Monday, 3 December 2007

Can social networking sites afford to bank on future success?

Facebook is playing a dangerous game holding off going public for a 'couple of years'.

The speed with which Facebook quickly became part of our lives (I knew nothing of Facebook this time last year) surely is a good indication of how the same thing can happen, and i'm pretty sure WILL happen when the next big thing comes along.

And it's a brave man at Microsoft who paid £117m for just a 1.6% stake in Facebook. Remember Friends Reunited? One of the biggest sites in social networking, it's now being forgotten and finding it's methods old fashioned less than two years after it was bought (entirely) for 120m. If something bigger and better does come along then Facebook may start wishing they went public at the height of their powers and before that valuation of £7.3bn starts looking steep.

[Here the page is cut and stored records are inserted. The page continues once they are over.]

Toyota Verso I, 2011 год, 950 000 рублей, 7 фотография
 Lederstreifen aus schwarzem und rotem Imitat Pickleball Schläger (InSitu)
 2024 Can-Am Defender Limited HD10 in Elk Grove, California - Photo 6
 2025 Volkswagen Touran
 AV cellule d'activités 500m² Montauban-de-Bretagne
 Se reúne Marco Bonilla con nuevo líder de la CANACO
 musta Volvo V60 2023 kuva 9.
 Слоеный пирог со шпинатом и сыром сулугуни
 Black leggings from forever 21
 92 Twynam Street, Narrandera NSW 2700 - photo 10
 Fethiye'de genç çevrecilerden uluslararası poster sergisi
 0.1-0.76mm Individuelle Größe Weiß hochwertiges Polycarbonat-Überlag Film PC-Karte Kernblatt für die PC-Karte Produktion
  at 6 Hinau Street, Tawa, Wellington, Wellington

There's nothing to currently suggest Facebook is waning in popularity (although I check my Facebook profile a lot less than i did 6 months ago) but if i had £117m to spend on social networking i'd be looking at the future of social networking, and i don't think that's going to be Facebook.

The internet is becoming more and more personalised, iGoogle gives you your own search home page, MySpace show no signs of being a flash in the pan with it's own brand of 'let the user decide what's best' social networking, social bookmarking / RSS / news aggregators and blogging lets users pick and choose their own news and opinion. Marketing emails are addressed to your name, and offer you products that they know you have an interest in, if they don't you hit delete. Even the spam i get now is personalised, "Dear Ed, would you like a 9 inch...".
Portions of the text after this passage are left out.